The three U.S. economists awarded the Nobel Memorial Medal in Economic Science last week have all done good work and deserve the honor. They were grouped together because they worked in the same general area of finance: how markets determine the value of assets like stocks, bonds or commodities.

But unlike most joint award winners in the hard sciences, they did not work as a team.

But Eugene Fama, at the University of Chicago, and Robert Shiller, at Yale, differ on at least one question: How important is rationality in human decision-making?

This question is fundamental to the future of economics.

Fama’s thinking starts — as most economic theorizing has for two centuries — with the assumption that rationality dominates human decision-making.

The rest of his ideas on asset prices in markets flow from that.

In contrast, Shiller argues that when humans make economic choices, irrational impulses — or “animal spirits” in John Maynard Keynes’ famous phrase — often eclipse the rational weighing of benefits against costs and their probabilities.

The rest of his thought proceeds from that. They cannot both be right.

So the Nobel committee punted, just like it did in 1974 when they awarded the prize to Swede Gunnar Myrdal and Austrian-American Friedrich Hayek “for their penetrating analysis of the interdependence of economic, social and institutional phenomena.” Myrdal’s analysis supported socialism.

Hayek’s argued that socialism was doomed to failure and oppression. The committee understood that one or the other eventually would be proven wrong by history. Unwilling to narrow their bet, they gave the award to both. That is what they did again this year.

Let foolish me rush in where angelic Swedish award granters dare to tread: Shiller will be treated better by history. Fama’s work will be respected for a long time. He is a very bright and original thinker whose conclusions have changed how ordinary people go about investing. His ideas influenced many other scholars of finance. This will last even after the consensus of economics abandons the assumption of dominate rationality that long has prevailed in economic thought.

His place in history will be similar to that of a bright physicist doing original work based on Newtonian assumptions in the 1890s, just before the revelations of Einstein’s relativity theory and of quantum mechanics. Some of his work will stand, but he will end with a reputation of having stood flatfooted on the platform as the train of intellectual history pulled out of the station.

Shiller and Fama agree that stock or bond prices cannot consistently be predicted in the short run. Markets, the aggregate actions of millions of people buying and selling, digest new information that can affect the profitability and hence the value of any such security almost instantaneously. Such information might be news of an oil strike, a budget agreement in Congress or a scandal involving a CEO.

At any point in time, the price of a security reflects all available information. No one can consistently guess better than the market. Yes, in any instance, some people make a better interpretation of new data than others and make money. However, they also will make bad interpretations and occasionally lose money.

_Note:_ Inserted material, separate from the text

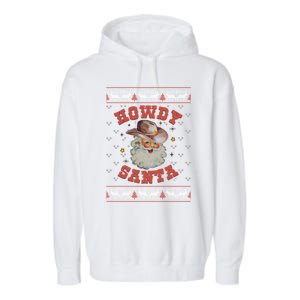 Retro Howdy Santa Country Christmas Christmas Cow Cute Gift Garment-Dyed Fleece Hoodie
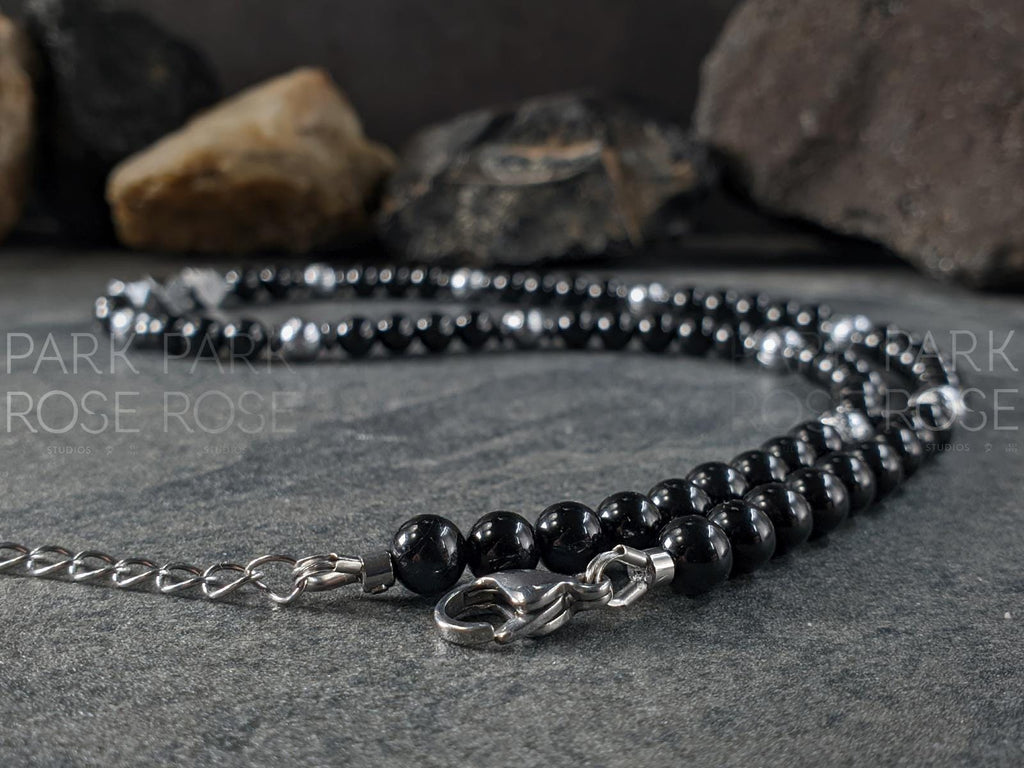 Brazil Black Tourmaline Gemstone Necklace: Gibeon Meteorite Beads (6mm)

Things even out. They will do about as well as the market as a whole. Hot mutual funds in one year will be dogs in another.

Fama thinks the efficient adjustment to new information minimizes fluctuations and that long-run prices are as unpredictable as short-term ones. Shiller disagrees, arguing that irrational impulses foster price swings up and down that are not justified by underlying conditions. This can be true particularly in the medium and long term.

They thus differ on the possibility of unjustified, unsustainable bubbles in prices of stocks or real estate. Fama claims to not even know what an asset bubble is, since his theory says they cannot happen. Shiller thinks they are possible, and even predicted that there was one in U.S. house prices a full six years before prices collapsed late in the last decade, triggering our recent severe recession.

Readers should note that Shiller says house prices are once again rising to unsustainable levels and that farmland prices reflect a severe bubble.

Forty years ago, stagflation — a combination of stagnant growth and price inflation — caused young economists to question the Keynesian orthodoxy they had been taught as Ph.D. students.

That touched off what became the “rational expectations revolution,” an approach to macroeconomics that incorporated the same assumptions of extreme rationality embodied in Fama’s micro work in finance. It became, in academic circles if not in policy ones, the new dominant model.

Now, the financial and economic debacles of the past decade are leading a new cohort of young economists to question their own indoctrination. Many are looking at what they learned in grad school and finding it wanting.

This movement to rebuild economic theory on human behavior — as explained by modern experimental psychology rather than 19th century assumptions — is gaining strength. There are new organizations and new research programs.

Lars Peter Hansen, the third and least well-known of the 2013 laureates, is part of this movement. A professor at the University of Chicago, Hansen also participates in an organization called the Institute for New Economic Thinking.

The Institute, which largely is a research-funding and collaboration-fostering organization, somewhat like the National Bureau of Economic Research, asserts that “the havoc wrought by our recent global financial crisis has vividly demonstrated the deficiencies in our outdated current economic theories, and shown the need for new economic thinking.”

That’s not something Fama or many others of his generation would agree with. Shiller might. But in any case, Hansen’s affiliation with this group says something about his view of the state of economic theory. Change is healthy, and old ideas in economics are being challenged.